US cancer research institute validates Curate’s cell processing system

By Jane Byrne

- Last updated on GMT

© GettyImages/FatCamera
© GettyImages/FatCamera

Related tags Hiv CAR T cell therapy Cell Curate Biosciences City of Hope

Curate Biosciences reports that City of Hope, one of the largest cancer research and treatment organizations in the US, has given a thumbs up to the company’s cell processing system for advanced cell separation.

Having evaluated the platform, the Beckman Research Institute of City of Hope now plans to integrate the technology into its workflow to manufacture investigational CAR-T cell immunotherapy.

It is the first of the company’s technology access program collaborators to formally integrate the Curate Cell Processing System in this manner. Industry and academic players have been testing the system, under non-disclosure.

“This particular investigator – City of Hope - is working on T cell therapies to address infectious disease, specifically HIV. Unbiased, high-efficiency cell recovery ensures that there is maximal recovery of the specific T cells required for our collaborators' therapeutic approach.

"And since the initial steps for autologous therapies are similar, regardless of therapeutic application, the Curate system is an appropriate solution for both cancer and non-oncology cell therapy applications, from HIV to autoimmune disorders,”​ Joan Haab, senior vice president, manufacturing and supply chain operations, told BioPharma-Reporter.

The use of Curate’s system in the therapeutic manufacturing workflow maximizes recovery of a patient’s white blood cells to be used in producing the cell therapy, she continued. “Through gentle processing with the closed Curate system, the City of Hope team can protect cellular health, ensuring isolated cells have maximal viability while reducing the risk of contamination or sample loss.
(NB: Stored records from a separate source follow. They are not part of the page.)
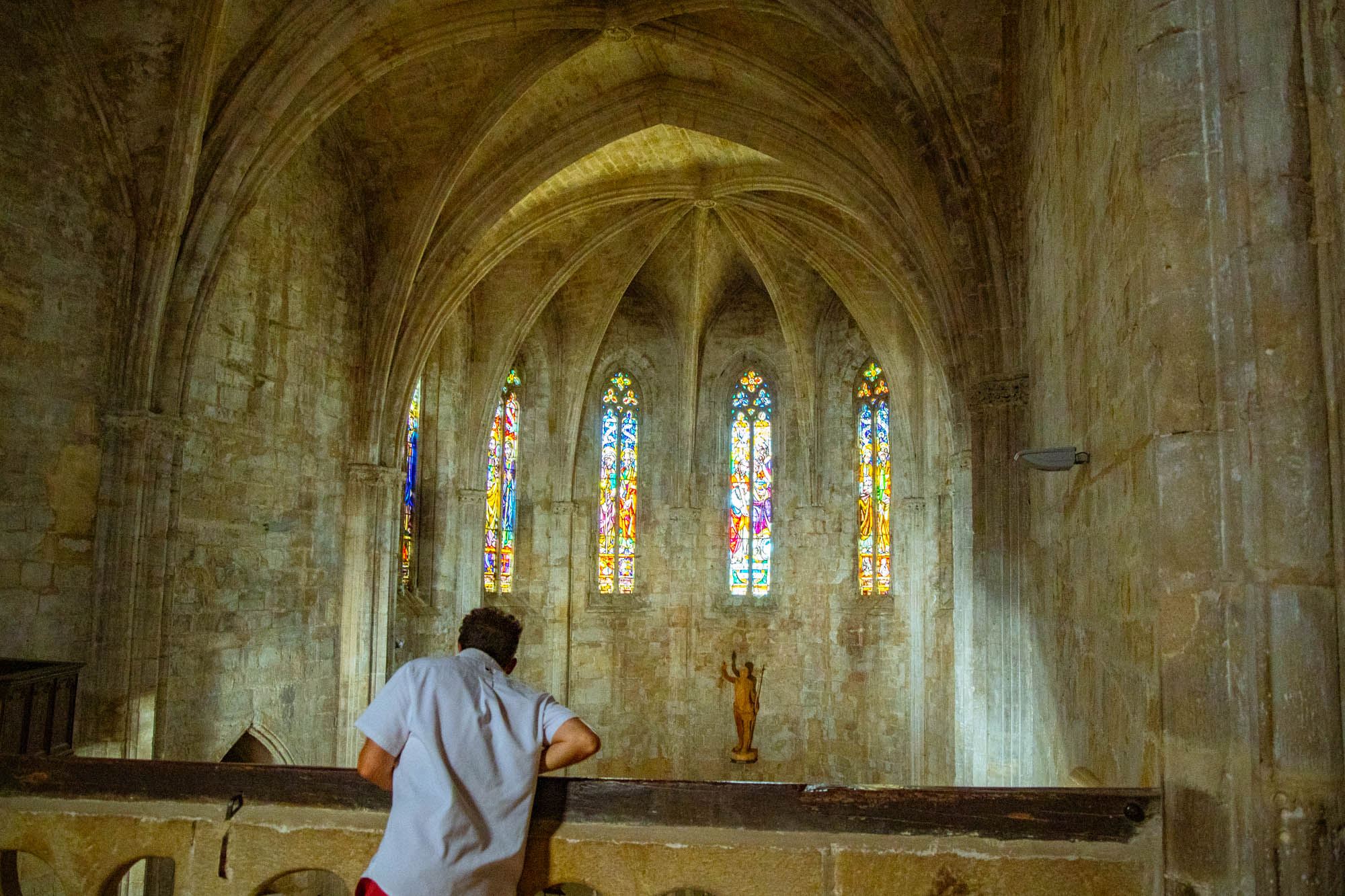Interior, desangelado, de la iglesia de San Juan Bautista.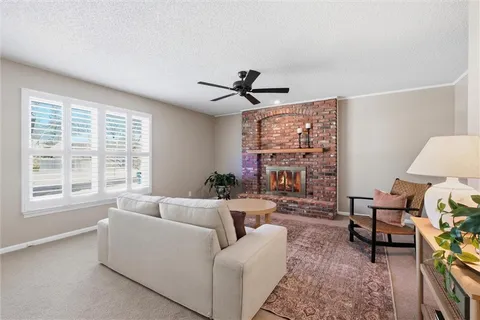 $425,000 | 12711 West 101st Street, Lenexa, KS 66215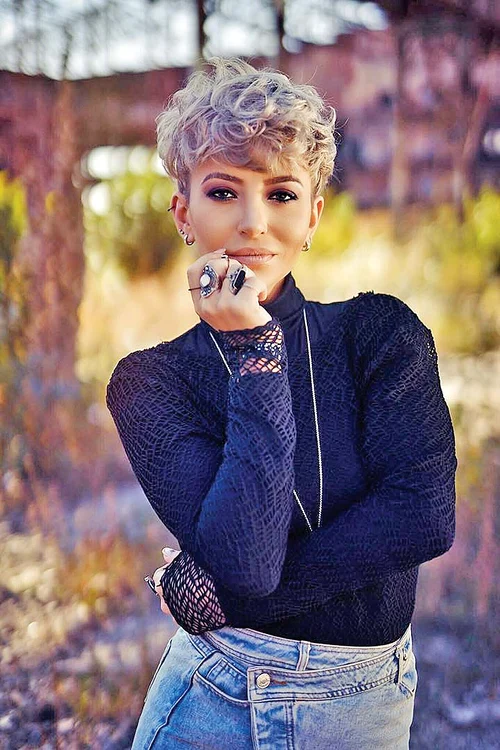 Giulia a debutat ca actriță în filmul ”Faci sau taci!”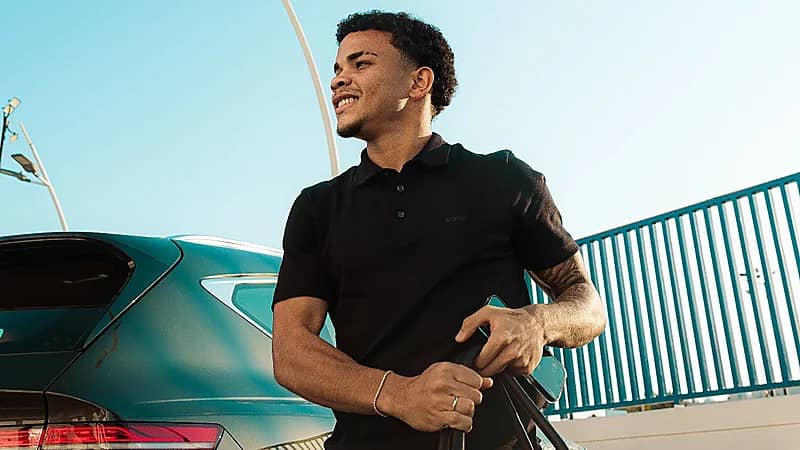 سيزار: مرحبًا جماهير الهلال أنا هنا في الرياض .. فيديو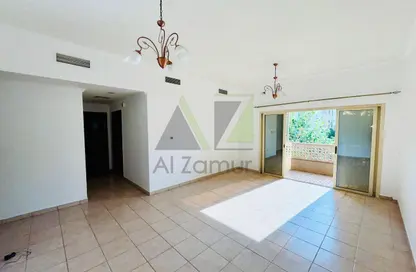 شقة - غرفة نوم - 2 حمامات للايجار في مساكن إيوان - مجمع دبي للاستثمار - دبي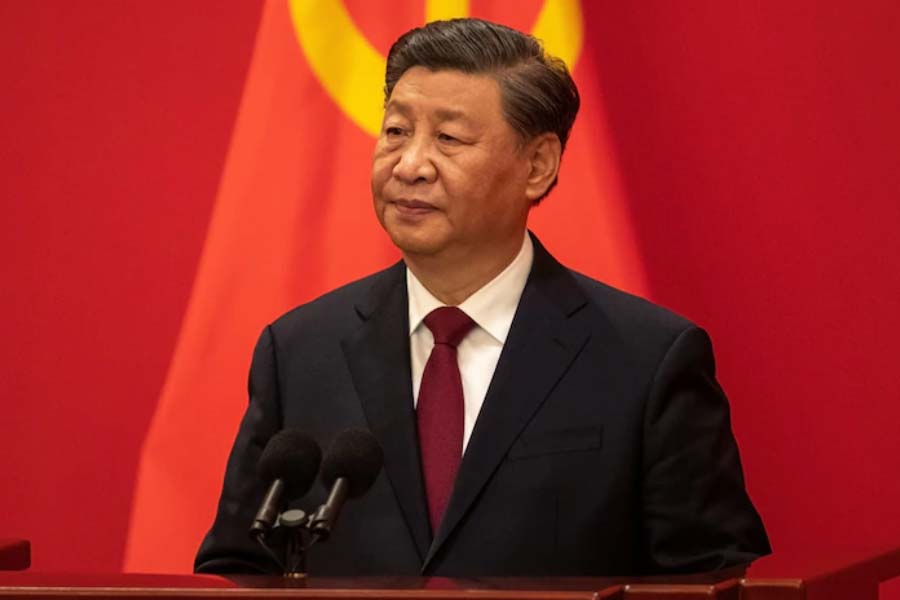 এখানেই অদৃশ্য হয়ে ছড়ি ঘোরাচ্ছে চিন। মনে করা হচ্ছে, কোবাল্ট উত্তোলনের ক্ষেত্রে শ্রীলঙ্কার দিকে সাহায্যের হাত বাড়িয়ে দিয়েছে তারা। সেই জোরেই উত্তোলনের আবেদন জানিয়েছে কলম্বো।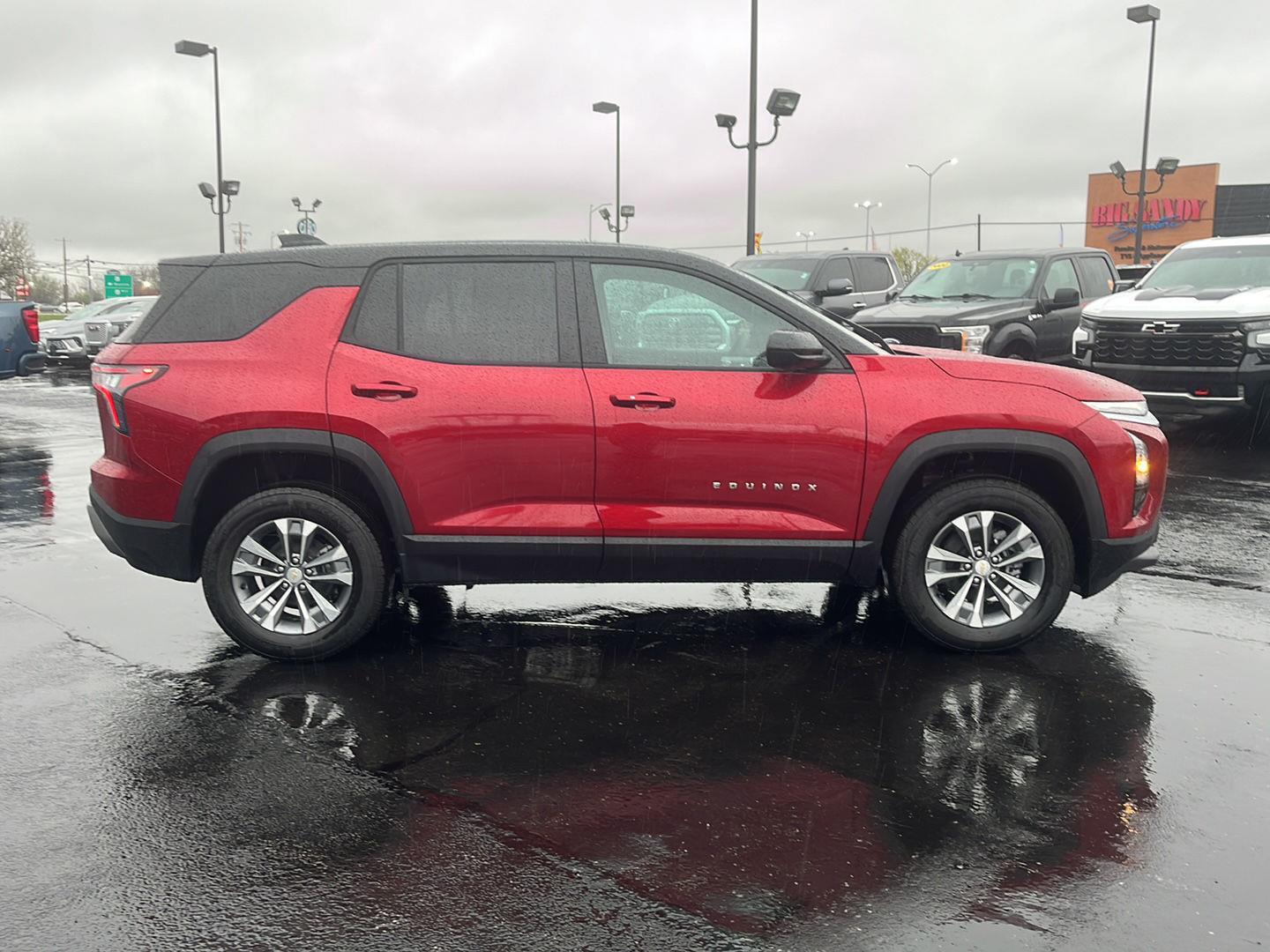 View vehicle photo 6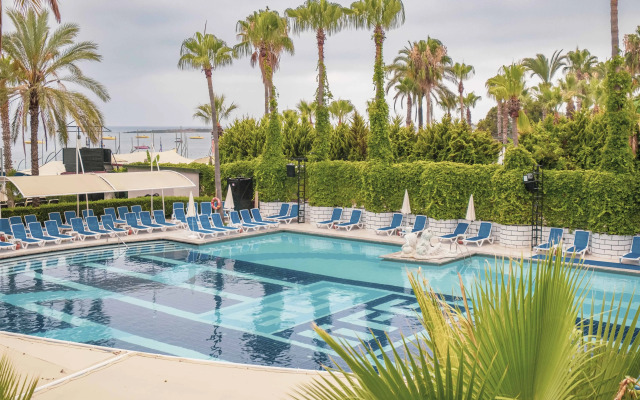 Sealife Buket Resort & Beach Hotel – All Inclusive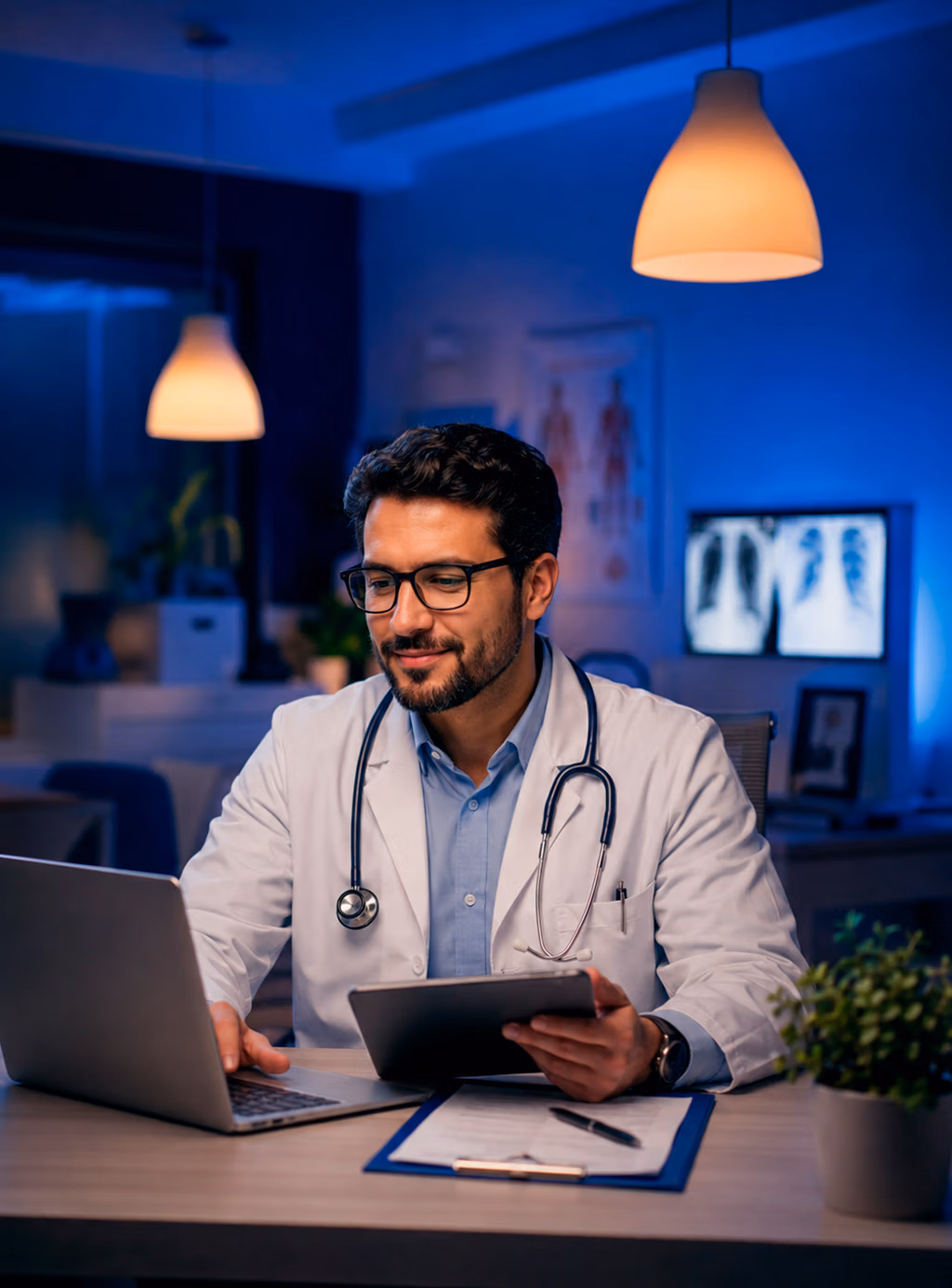 medico-atendendo-pacientes-apos-atendimento-de-suporte-de-ti-para-seu-consultorio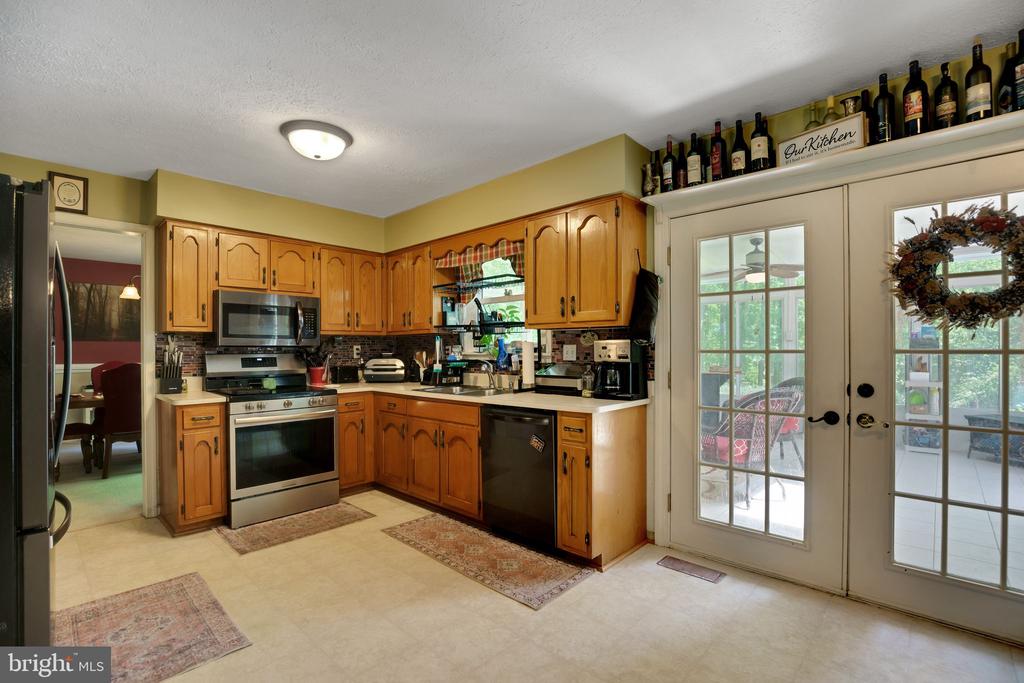 5476 HUCKLEBERRY DRIVE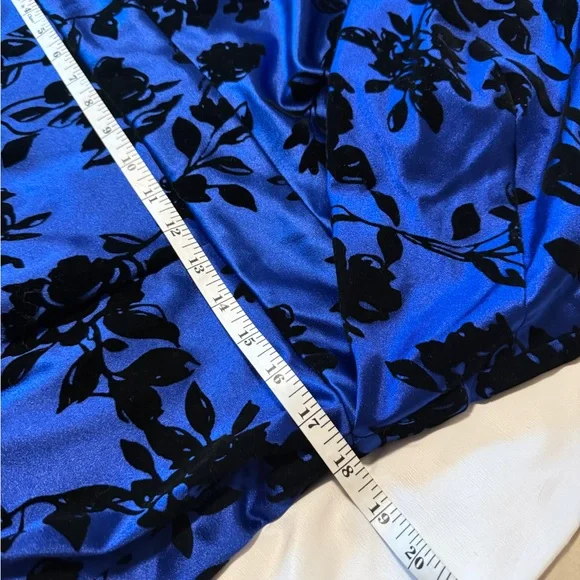 SLNY Size 16 Royal Blue Velvet Floral Maxi Gown Formal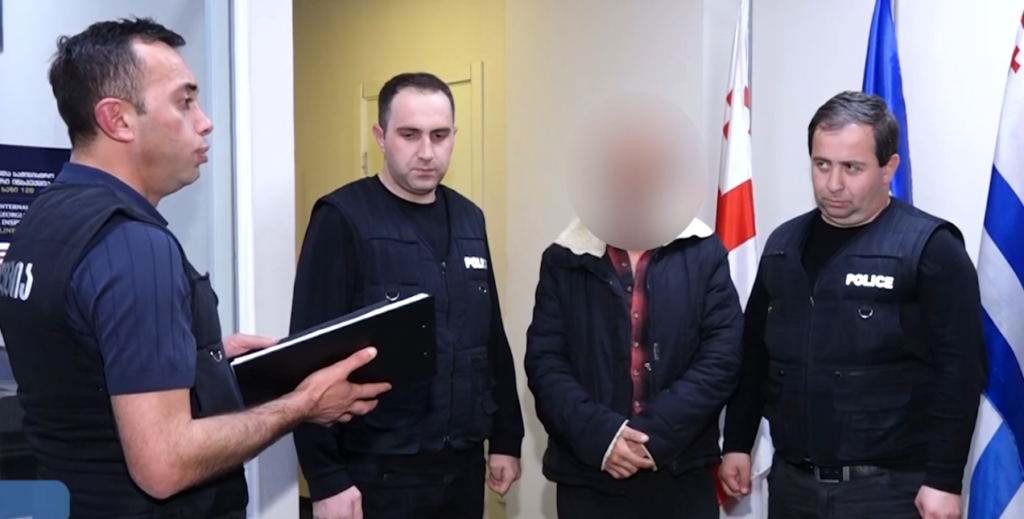 პოლიციამ ბათუმში ინტერპოლის მიერ წითელი ცირკულარით ძებნილი თურქეთის მოქალაქე დააკავა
And because it's automated, processing time is short and will not require highly skilled labor to execute."

The company outlined in February how it had spent six years working on the platform, describing then how it had cracked one of the biggest problems in cell therapy: extracting enough potent cells to treat chronically sick patients.

Cost reduction

The platform has the potential to enable up to a 50% reduction in the total cost of autologous cell therapy production and a like reduction in the days required to produce a CAR-T dose, according to the developer.

Curate's chief technology officer, Tony Ward, told us previously that the system has "industry-leading"​ ability to produce more high-quality white blood cells for CAR-T oncology cures.

“Today, autologous cell therapy manufacturing typically starts with five steps, taking longer than four hours to obtain a white blood cell preparation for T-cell selection and activation.

“Across these steps, one can lose up to 90% of the cells of interest. The Curate system is highly superior, isolating white cells with high recoveries, without bias or damage, in an easy-to-use closed microfluidic system with just a single step taking about 45 minutes. There is minimal operator hands-on time. On average, our system recovers more than 4-fold more T central memory cells than density-based methods. Our single platform also provides greater than 3-log wash efficiency in a single pass and can concentrate the product to industry needs without breaking the closed loop sterility."

He said the platform is looking to address a fundamental challenge for the industry: inconsistent and low recovery starting cell material.

The Curate System’s gentle processing delivers a higher yield of more naïve, minimally manipulated T cells, which should enable better engraftment and persistence profiles for making improved therapies. Recovering more naïve and central memory T cells of the highest quality is key to optimizing the end-to-end production workflow. It reduces days, process steps, and the associated costs of cell culture expansion, along with dramatically reducing capital infrastructure spending and skilled labor requirements.”

Plans are underway for commercialization of the platform later this year.